● **Recorded information**
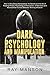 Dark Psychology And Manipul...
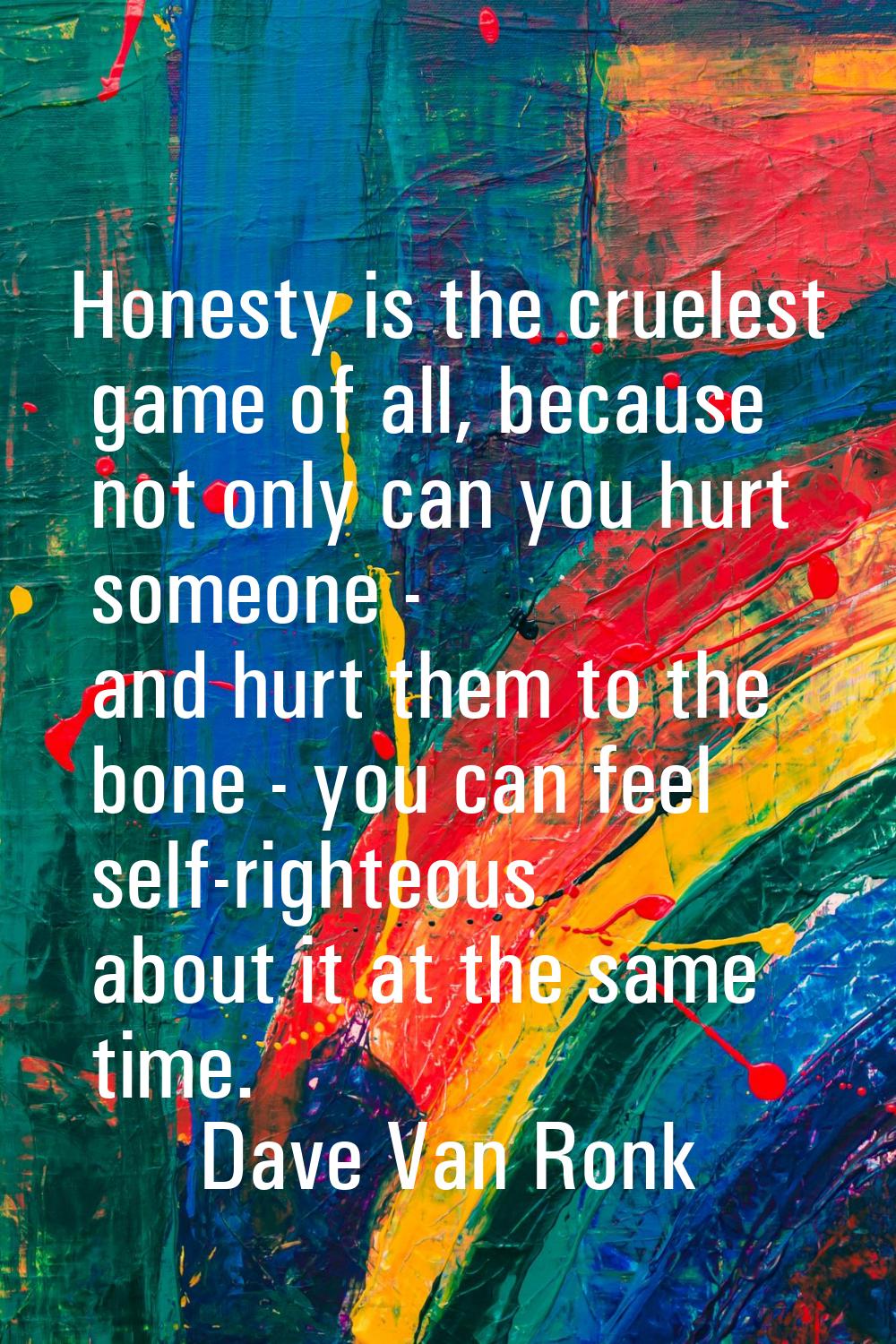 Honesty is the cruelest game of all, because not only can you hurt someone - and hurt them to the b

---

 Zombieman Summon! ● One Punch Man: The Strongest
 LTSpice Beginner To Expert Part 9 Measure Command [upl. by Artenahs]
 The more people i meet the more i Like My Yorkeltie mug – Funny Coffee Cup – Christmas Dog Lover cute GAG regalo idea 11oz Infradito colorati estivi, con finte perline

* * *

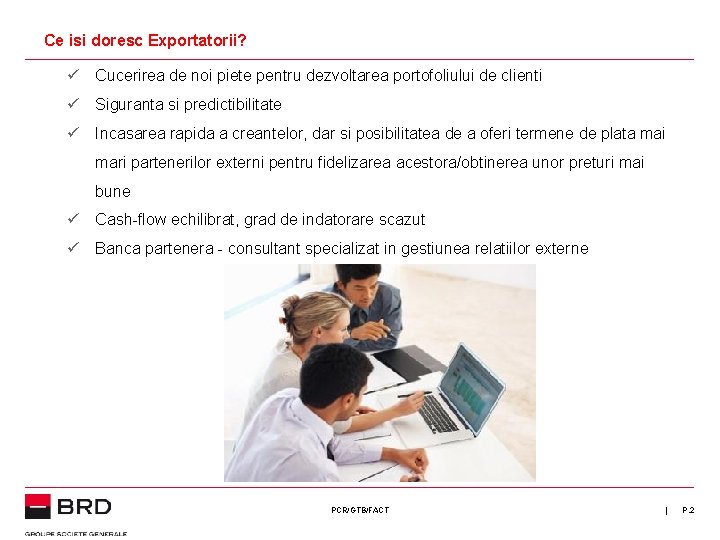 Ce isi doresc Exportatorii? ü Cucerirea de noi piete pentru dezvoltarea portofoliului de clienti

● **Exercise**
Going by the data above, the answer is exactly the lines from the one holding "Dark Psychology And Manipul..." to the one holding "Honesty is the", both kept, with the pictures left out.

● **Output for this exercise**
 Dark Psychology And Manipul...
 Honesty is the cruelest game of all, because not only can you hurt someone - and hurt them to the b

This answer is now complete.